■ What the exercise asks
Every record is to be copied unchanged, except that its pictures are removed.

■ Information
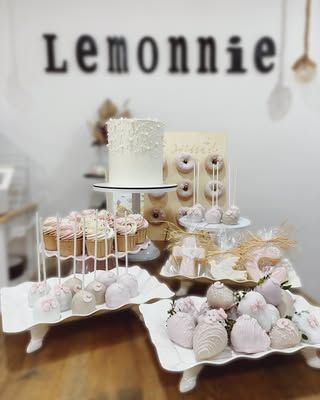 Mesa de postres con tartas, cake pops y pasteles sobre soportes blancos, bajo un letrero de “Lemonnie”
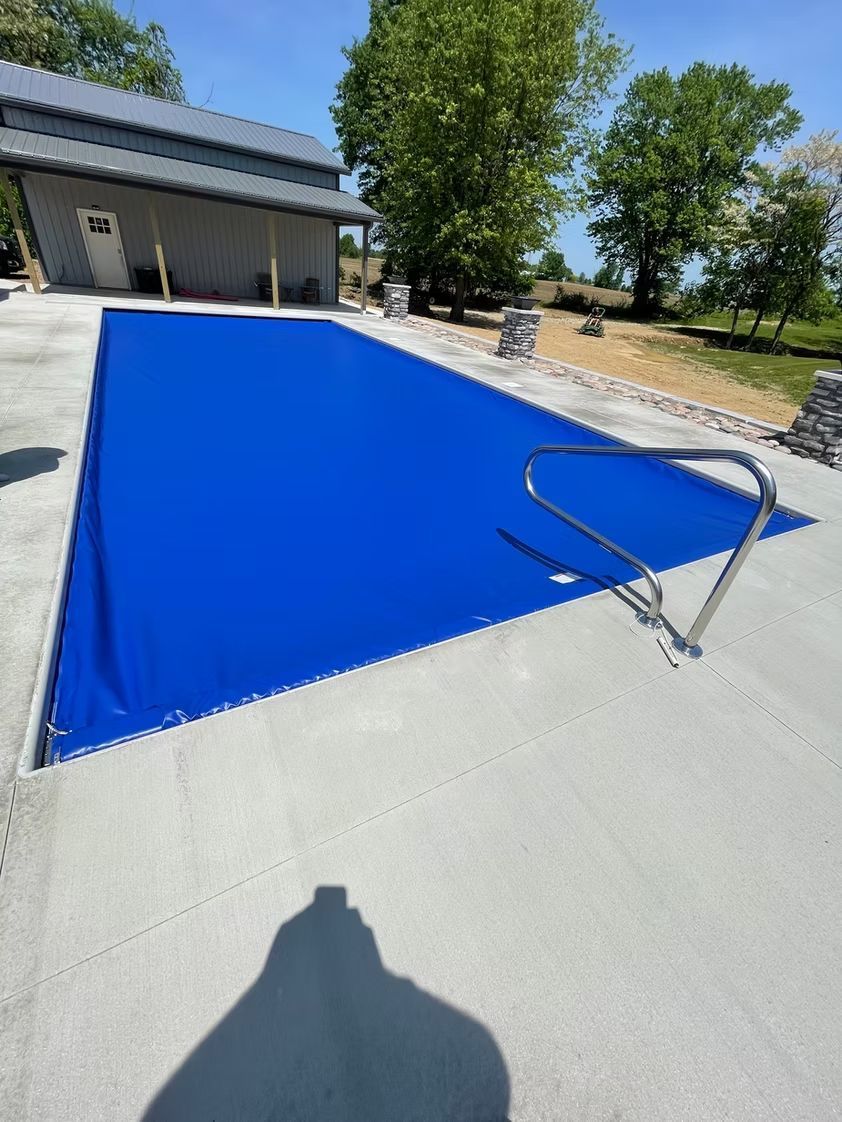 Blue pool cover stretched over a backyard swimming pool beside a concrete patio and house garagem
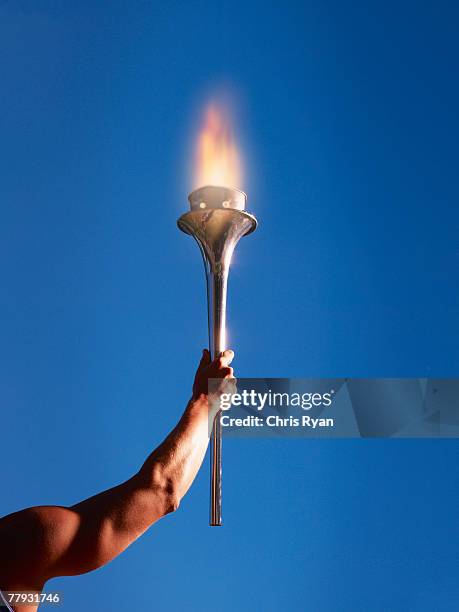 athlete's arm holding up a torch - fakkel stockfoto's en -beelden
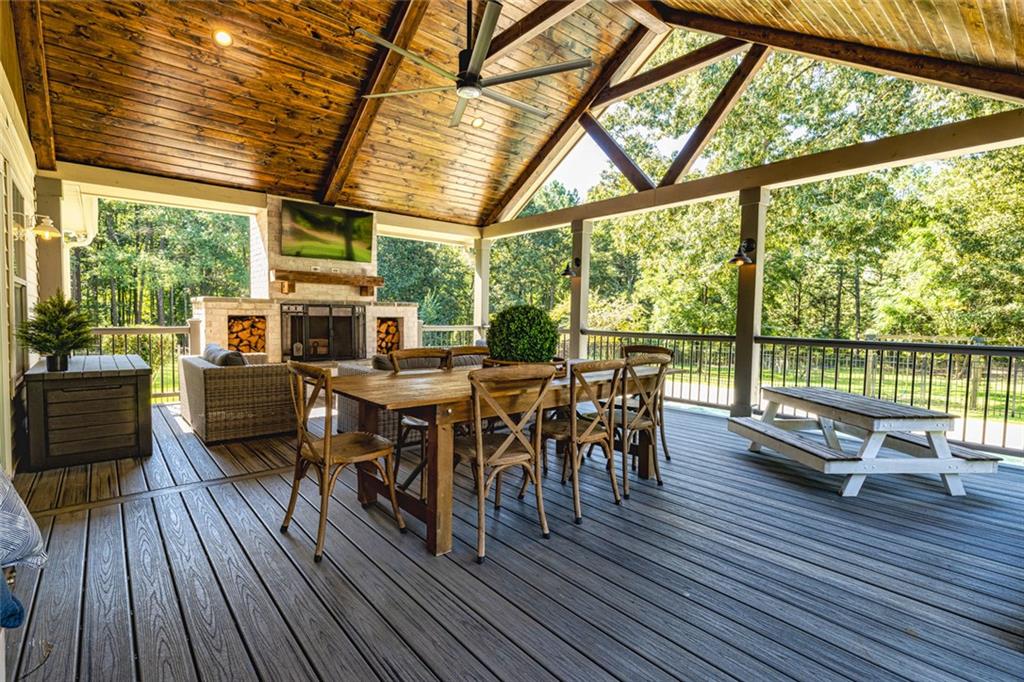 696 Highway 18 Barnesville, GA 30204 - Photo 3 of 57 a view of a patio with table and chairs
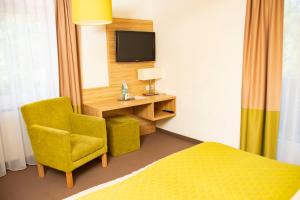 a hotel room with a bed and a chair and a television at Altes Kurhaus Landhotel in Trabelsdorf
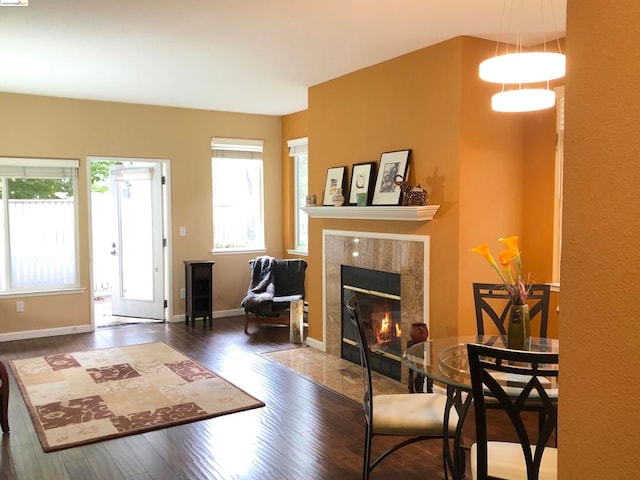 interior space with dark wood-type flooring and a tile fireplace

■ Solved exercise
 Mesa de postres con tartas, cake pops y pasteles sobre soportes blancos, bajo un letrero de “Lemonnie”
 Blue pool cover stretched over a backyard swimming pool beside a concrete patio and house garagem
 athlete's arm holding up a torch - fakkel stockfoto's en -beelden
 696 Highway 18 Barnesville, GA 30204 - Photo 3 of 57 a view of a patio with table and chairs
 a hotel room with a bed and a chair and a television at Altes Kurhaus Landhotel in Trabelsdorf
 interior space with dark wood-type flooring and a tile fireplace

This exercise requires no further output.